(Work instructions): All pictures are to be dropped, and everything else in the data duplicated exactly.

(Material provided):
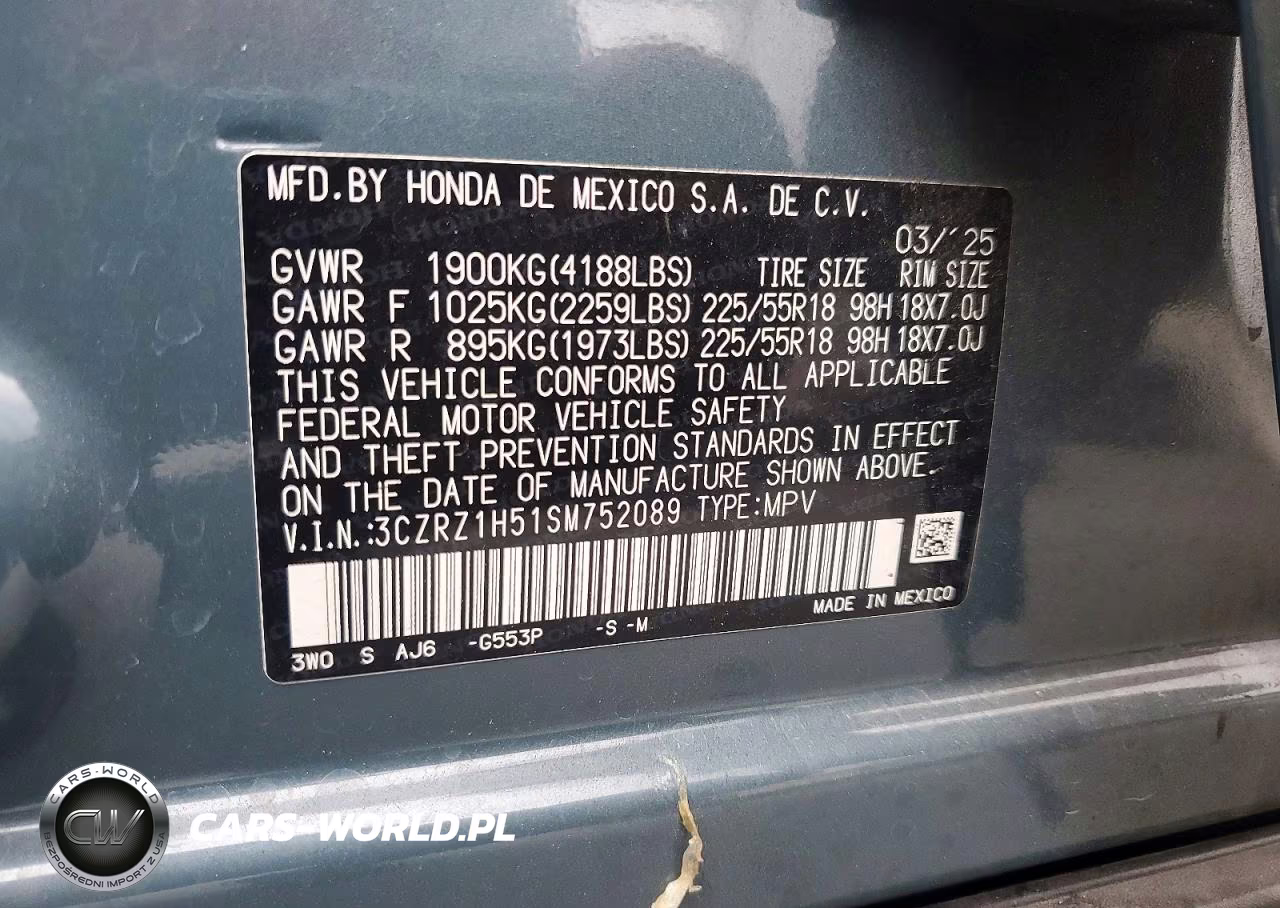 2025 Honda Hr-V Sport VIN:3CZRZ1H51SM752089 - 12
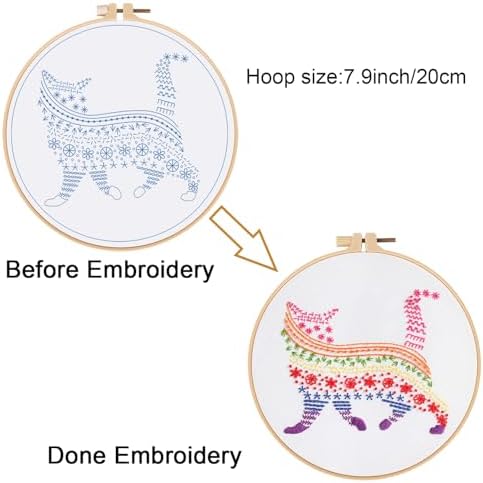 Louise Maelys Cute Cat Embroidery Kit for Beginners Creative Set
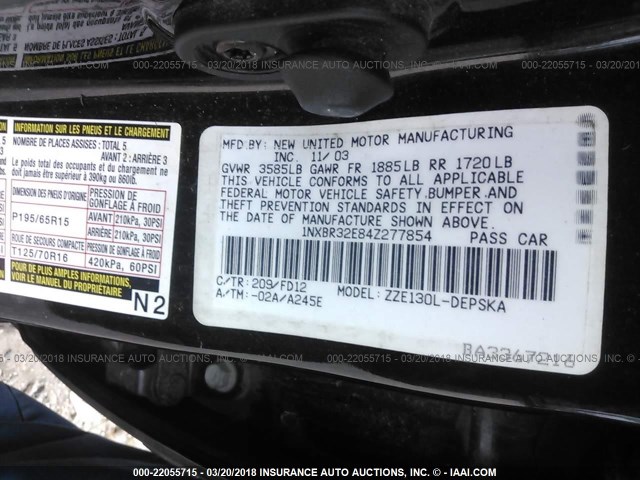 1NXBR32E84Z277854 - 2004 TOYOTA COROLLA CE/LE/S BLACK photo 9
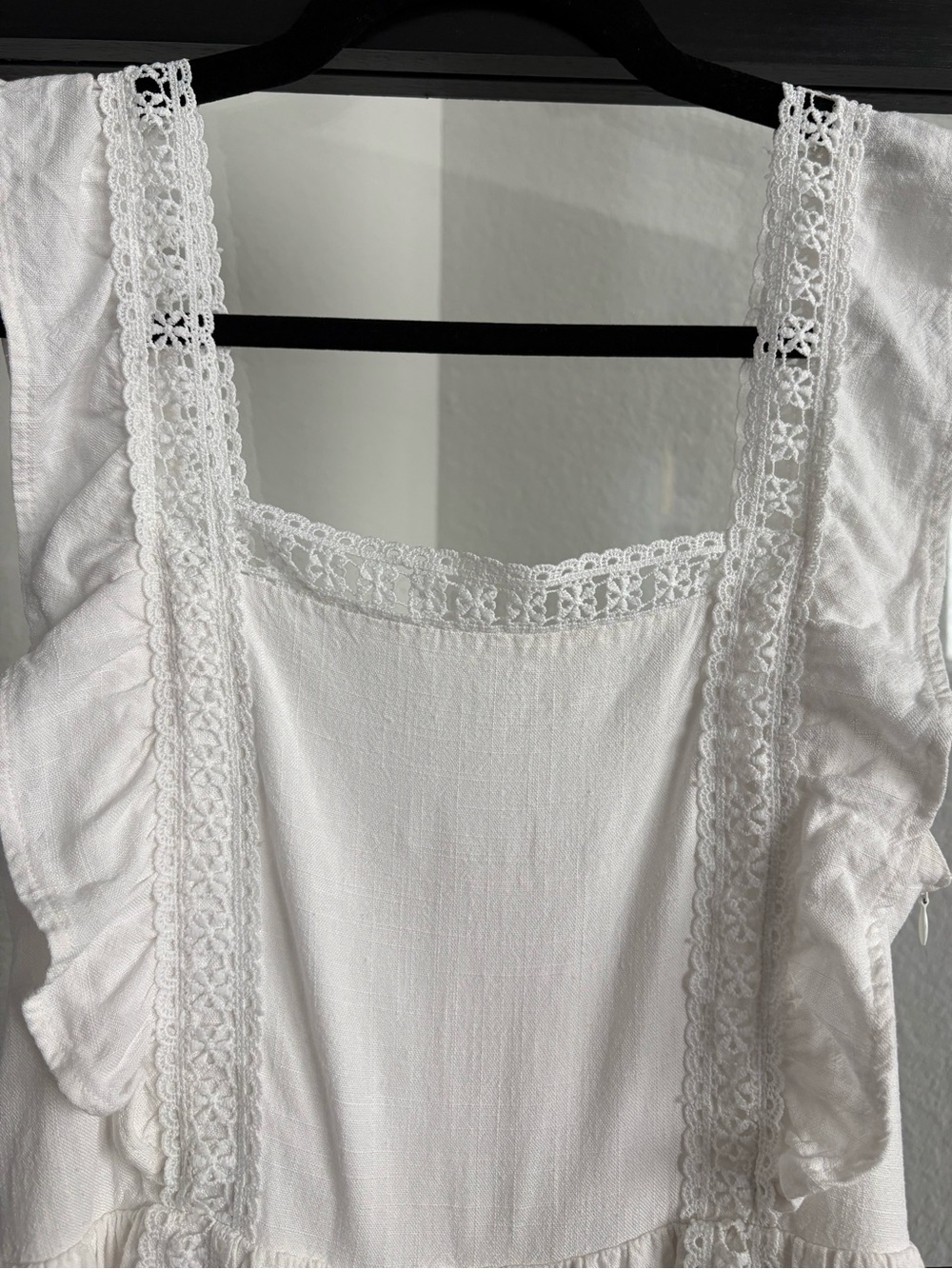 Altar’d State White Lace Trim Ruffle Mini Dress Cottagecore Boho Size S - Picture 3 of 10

(Response):
 2025 Honda Hr-V Sport VIN:3CZRZ1H51SM752089 - 12
 Louise Maelys Cute Cat Embroidery Kit for Beginners Creative Set
 1NXBR32E84Z277854 - 2004 TOYOTA COROLLA CE/LE/S BLACK photo 9
 Altar’d State White Lace Trim Ruffle Mini Dress Cottagecore Boho Size S - Picture 3 of 10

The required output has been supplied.